Joff Wild

The potentially catastrophic effects of the Alice v CLS Supreme Court decision on the patent holdings of the US’s biggest technology companies are laid bare by the IAM blog today. Research undertaken by IP data company ktMINE on behalf of the blog reveals that tens of thousands of assets owned by the likes of IBM, Microsoft, Apple, Oracle, Google and Cisco could be threatened by the judgment, which was handed down in June and has since led to a series of software patent rights being overturned by lower courts. Should this trend continue, then our research reveals that it may have a significant impact on companies that employ huge numbers of Americans and spend billions of dollars on R&D.

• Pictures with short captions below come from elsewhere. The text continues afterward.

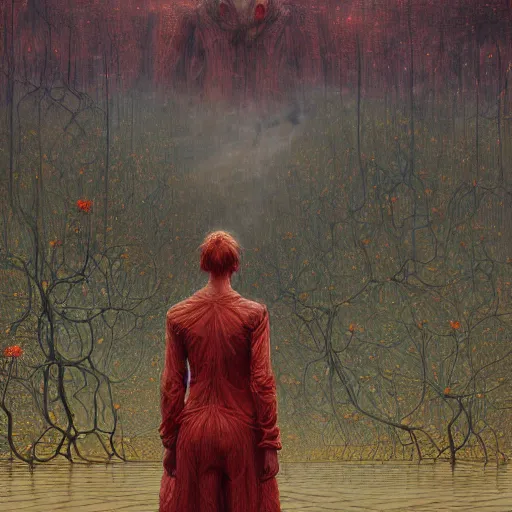 Prompt: A woman wearing clothes made out of thunder clouds and flowers, giant monsters walking in the background, red skin, Masterpiece, glowing, wires everywhere, by Edgar Maxence and Ross Tran, Zdzisław Beksiński, and Michael Whelan, distant, gustav dore, H.R. Giger, 8k, octane render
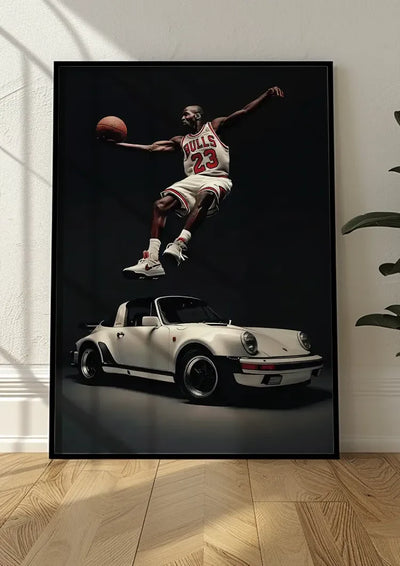Basketballspieler Slam Dunk über weißem Porsche Cabrio Schwarz-Weiß Leinwandbild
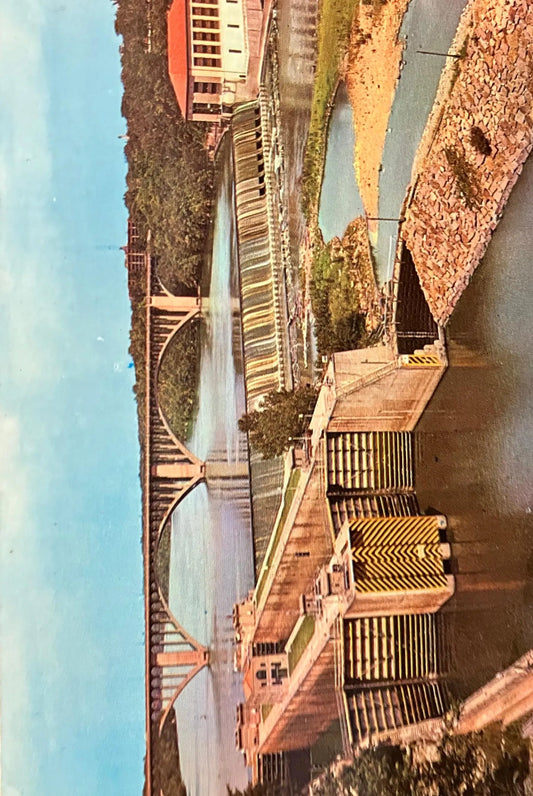 U. S. Government Dam and Locks and Ford Bridge - Minneapolis, Minnesota - Vintage Bridge Postcard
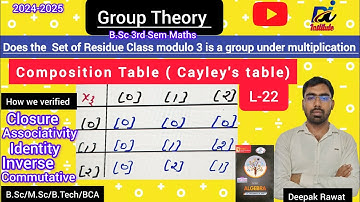 GroupTheory|L-22|Composition Table|Residue Class Modulo 3 is Group under Multiplication|B.Sc|M.Sc|..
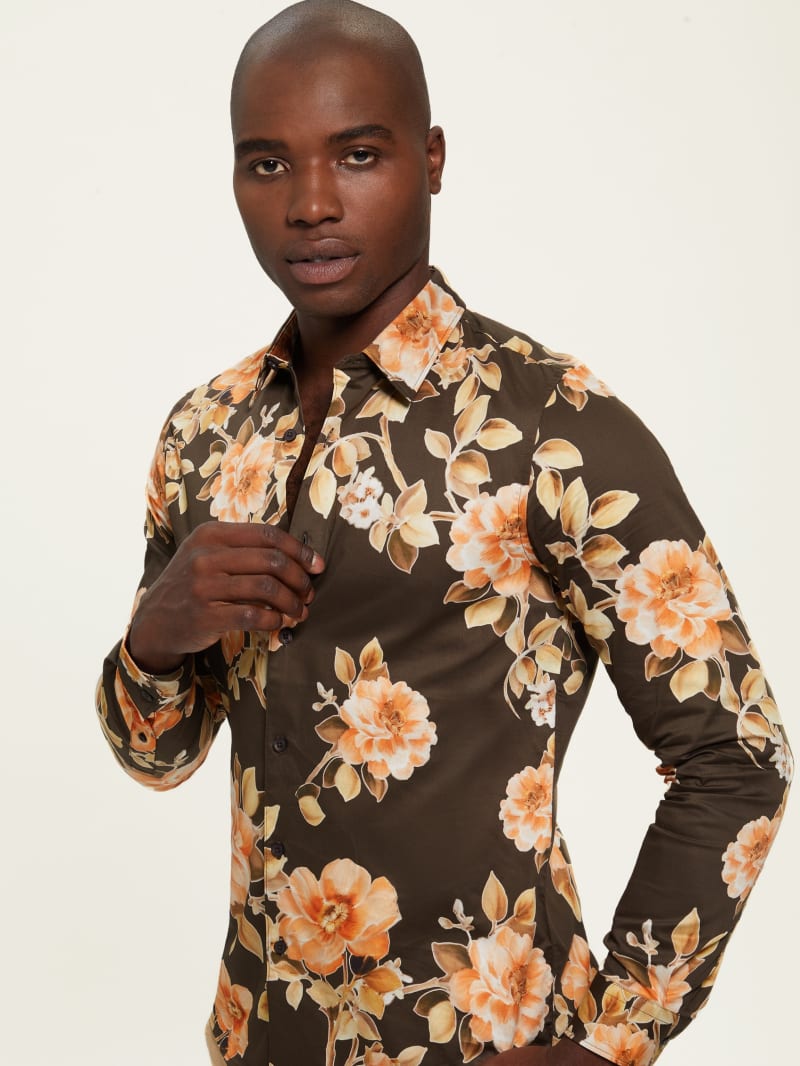 brown floral shirt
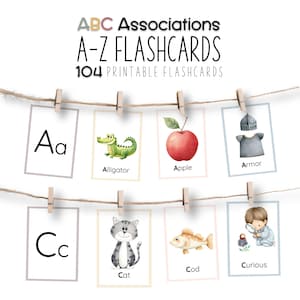 ABC Association Flashcards, 104 Printable Learning Cards, Educational PDF for Preschool & Homeschool, Montessori-Inspired Alphabet Activity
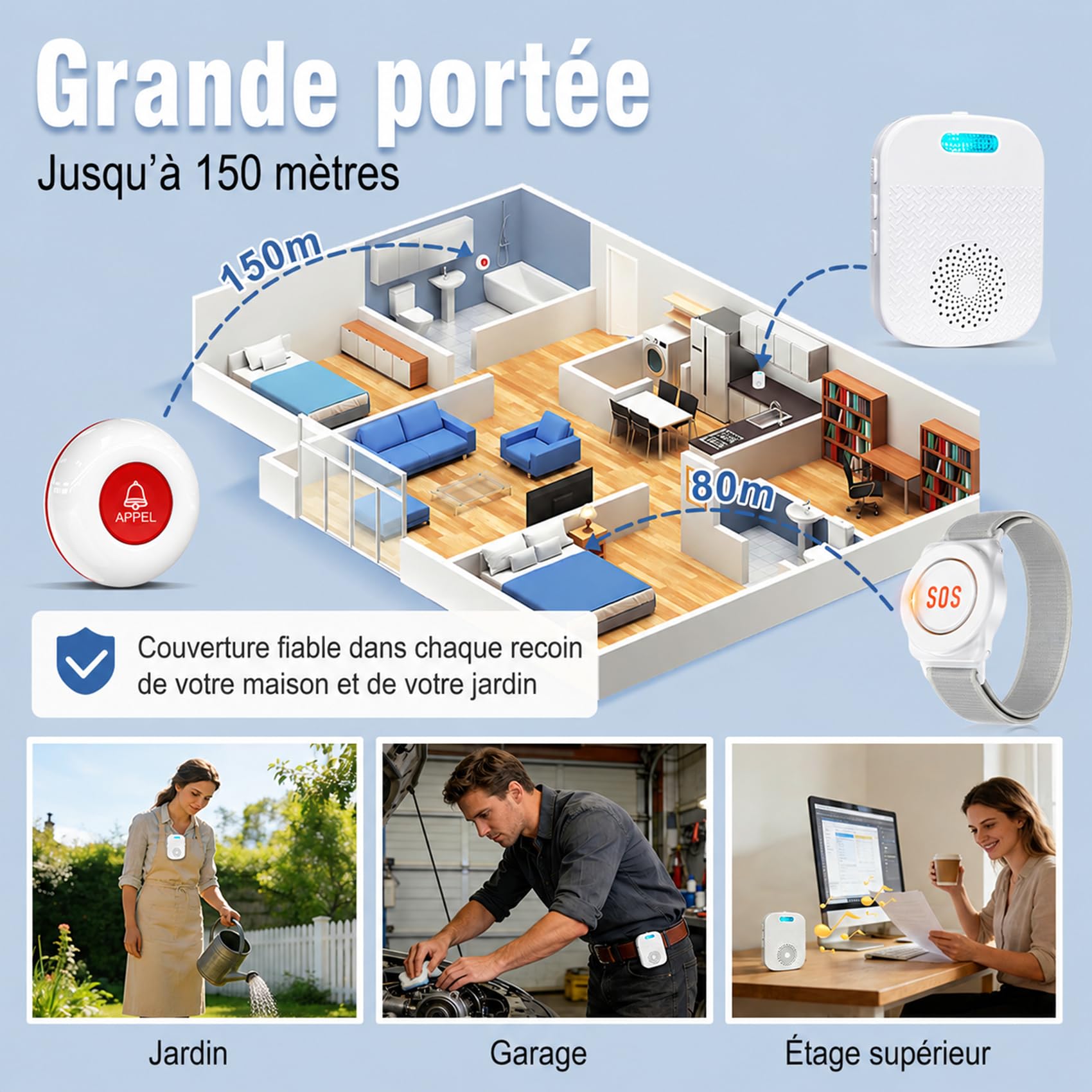 ChunHee Bouton d'appel d'urgence pour Personnes âgées, Bracelet d'appel d'urgence, Rechargeable, Alarme SOS, pour Homme âgé, Patient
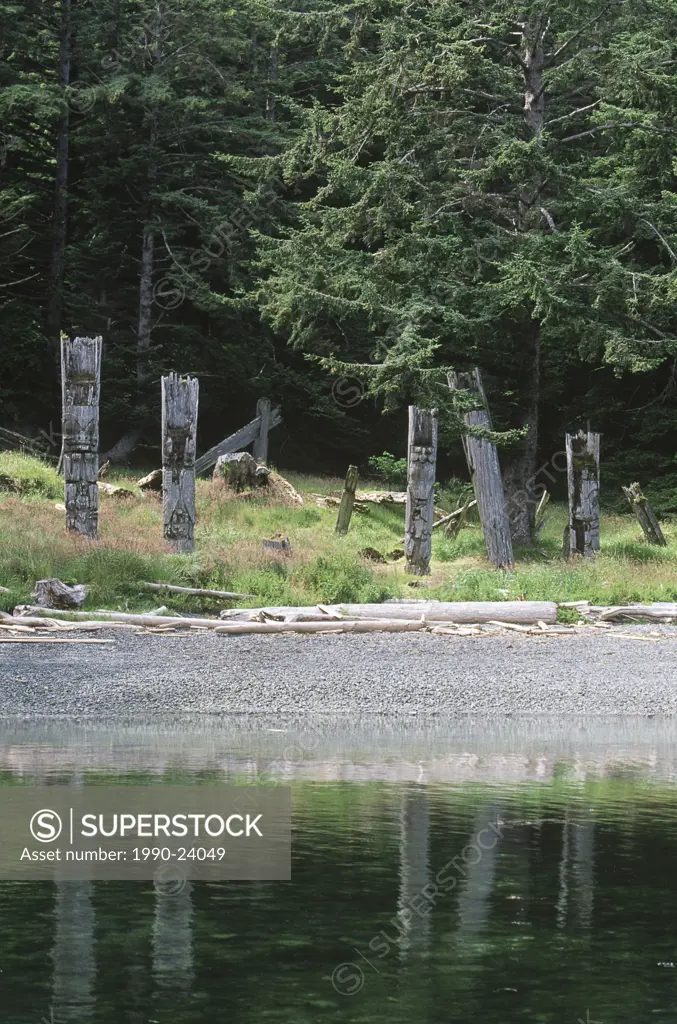 Haida Gwaii, Ninstints Village Nad Sdins, Anthony Island SGaang Gwaay, weathered mortuary totem poles, British Columbia, Canada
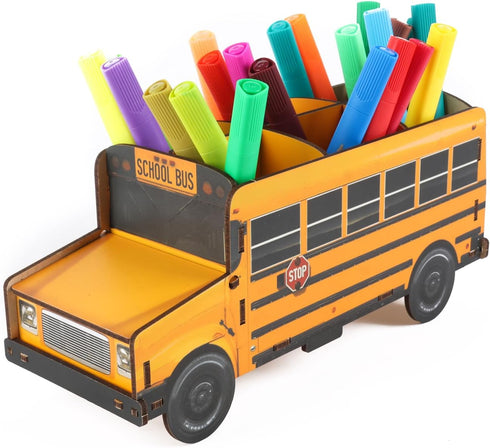 Pencils Organizer School Bus Pen Holder, Creative DIY Multifunctional Desk Organizer, 6 Compartments for Office School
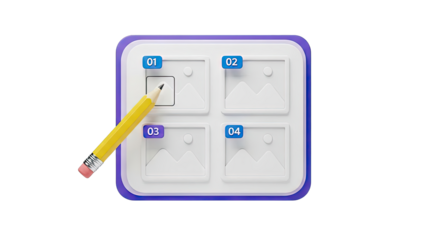 Pencil Editing Numbered Image Grid
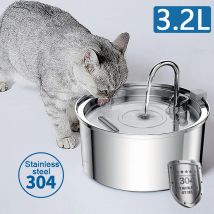 Dispensador de agua automático para gatos de 3,2l, alimentador de agua de inducción inteligente para mascotas, USB con filtro, alimentador para perros de acero inoxidable, suministros para mascotas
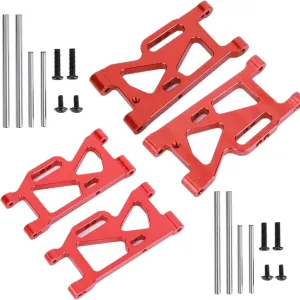 Aluminum WLtoys 144001 Front&Rear Swing Arm Set Upgrade Part for WLtoys 144001 1/14 4WD RC Car(Red)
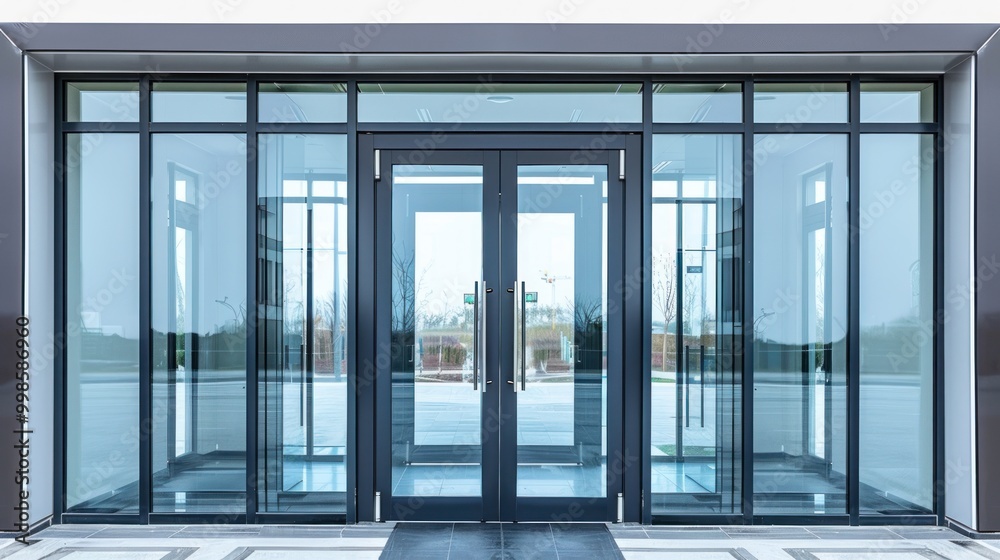 Contemporary glass door with metal frame and large vertical handle on a transparent background clipart isolate Contemporary glass door with metal frame and large vertical handle on a transparent background clipart isolate
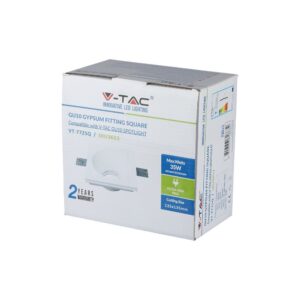 Τετράγωνο γύψινο φωτιστικό GU10, 35W, διαστάσεις 135x135mm, συμβατό με V-TAC GU10. Εγγύηση 2 έτη.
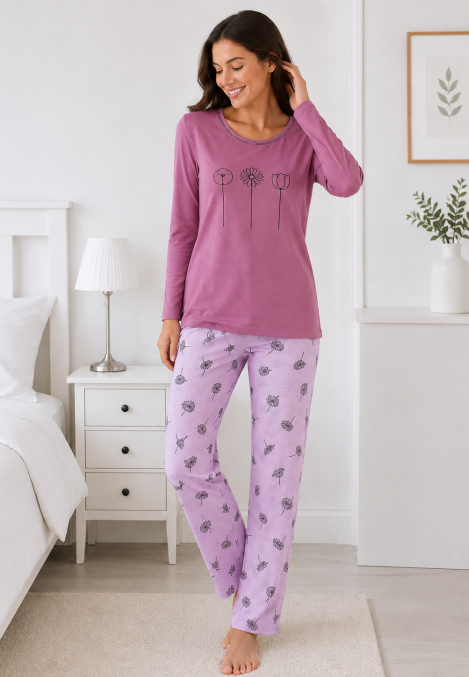 Pijama de damă cu bluză cu maneca lunga și pantaloni lung -Mov ,Engros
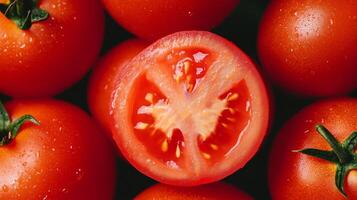 A close-up of several tomatoes, with one being cut photo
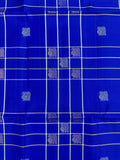 Royal Blue Saree with Light Grey pallu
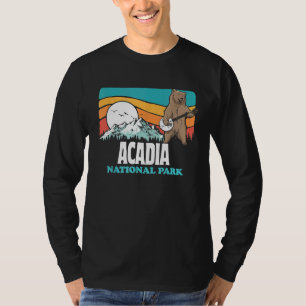 Acadia National Park Maine Mountains Banjo Bear T-Shirt
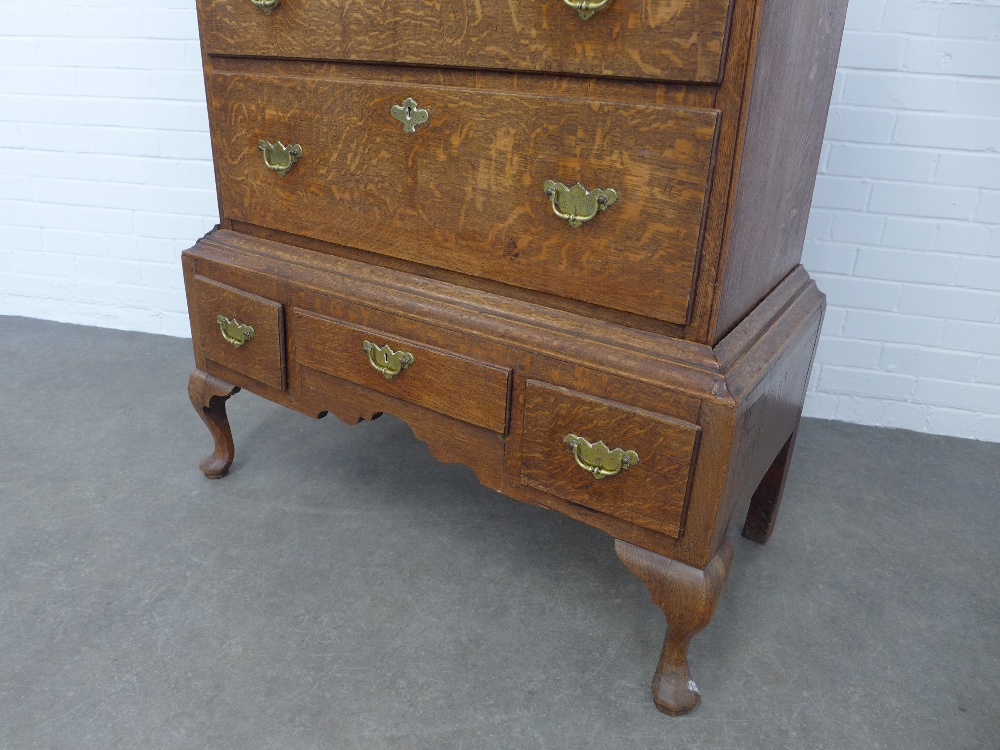 An oak chest on stand, the top with two short and three graduating long drawers, the base with three - Image 3 of 4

In light of the Alice decision and the warnings that this could effectively end many types of software patent protection in the US, we thought it would be interesting to look at the patent portfolios of the US’s biggest technology players, as well as some of their counterparts from overseas and several large NPEs, to see what percentage of their holdings might be affected. We got in touch with ktMINE CEO David Jarczyk and asked if his firm could help; David said they could and put his team of number crunchers to work. The results they came up with were stunning, and for many of the businesses looked at potentially very frightening indeed. For example, according to ktMINE 49% of all IBM’s US patent holdings could be affected by the Alice decision, as could 58% of Google’s, 55% of Microsoft’s and a whopping 76% of Oracle’s. In descending order, the impact list reads as follows:

  1. Oracle – 76% of patent portfolio potentially affected by Alice v CLS

  2. Google - 58%

  3. Microsoft – 55%

  4. IBM – 49%

  5. Cisco Systems – 38%

  6. Apple – 34%

  7. Hewlett-Packard – 31%

  8. Rockstar – 31%

  9. Intel – 29%

  10. Round Rock Research – 26%

  11. Alcatel-Lucent – 25%

  12. Intellectual Ventures – 24%

  13. Honeywell International – 18%

  14. Nokia – 16%

  15. Texas Instruments – 16%

  16. Ericsson – 15%

  17. Qualcomm – 15%

  18. Micron Technology – 14%

  19. Xerox – 12%

  20. Panasonic – 10%

  21. InterDigital – 9%

  22. Samsung – 9%

  23. GE – 8%

  24. Philips – 7%

  25. AT&T – 6%

You can see the full results of ktMINE’s work here.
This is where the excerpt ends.